Other signs too suggest the British financial industry has weathered Brexit better than many expected: employment in the City of London financial district is near an all-time high, and banks are posting record profits.
But interviews with executives and data reviewed by Reuters paint a more nuanced picture, of Britain as a financial centre whose dominance has been eroded while the country itself has become less attractive for some investors.
"Brexit undeniably weakened the City's position," said Michael Mainelli, who led the financial district as Lord Mayor in 2023 and 2024, citing relocation of jobs from London to cities like Paris and Dublin.
"Yet Europe too is weaker.
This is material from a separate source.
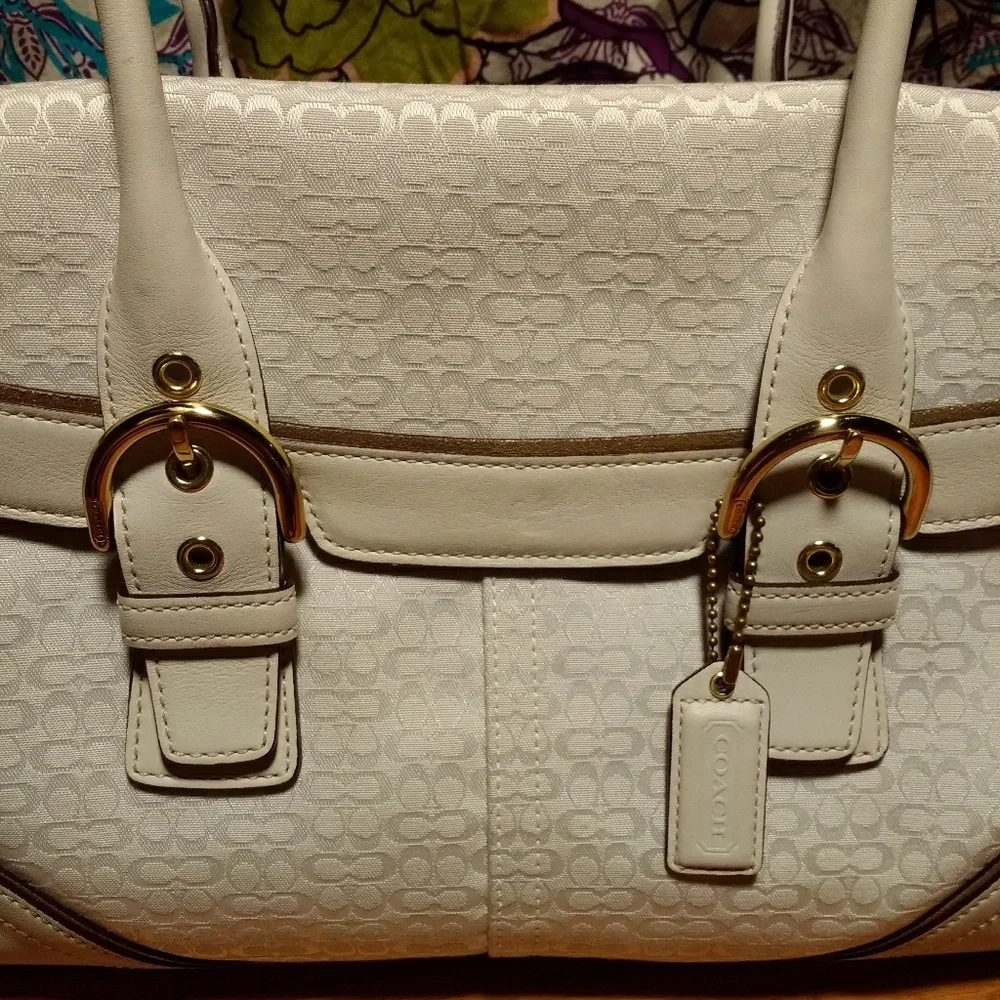 NWOT Coach Hampton Soho Flap Satchel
Both the EU and the UK have been losing out to the enormous growth in Asian financial markets."
To keep serving clients across the 27-country EU, British firms that lost so-called passporting arrangements moved about 40,000 jobs to European financial hubs, according to estimates from the City of London Corporation, the municipal body for the "Square Mile", which speaks for the sector more broadly.
Britain remains second only to the United States as a destination for foreign capital, hosting more than £12 trillion ($16 trillion) in foreign direct investment, portfolio investment and cross-border deposits at the end of 2025 according to IMF data cited by Barclays.
Its share has declined, however, from 8.6% in 2015 to 7% in 2025. In the same period, the U.S. share of foreign capital has increased to 25% from around 20%, thanks mainly to demand for U.S. stocks.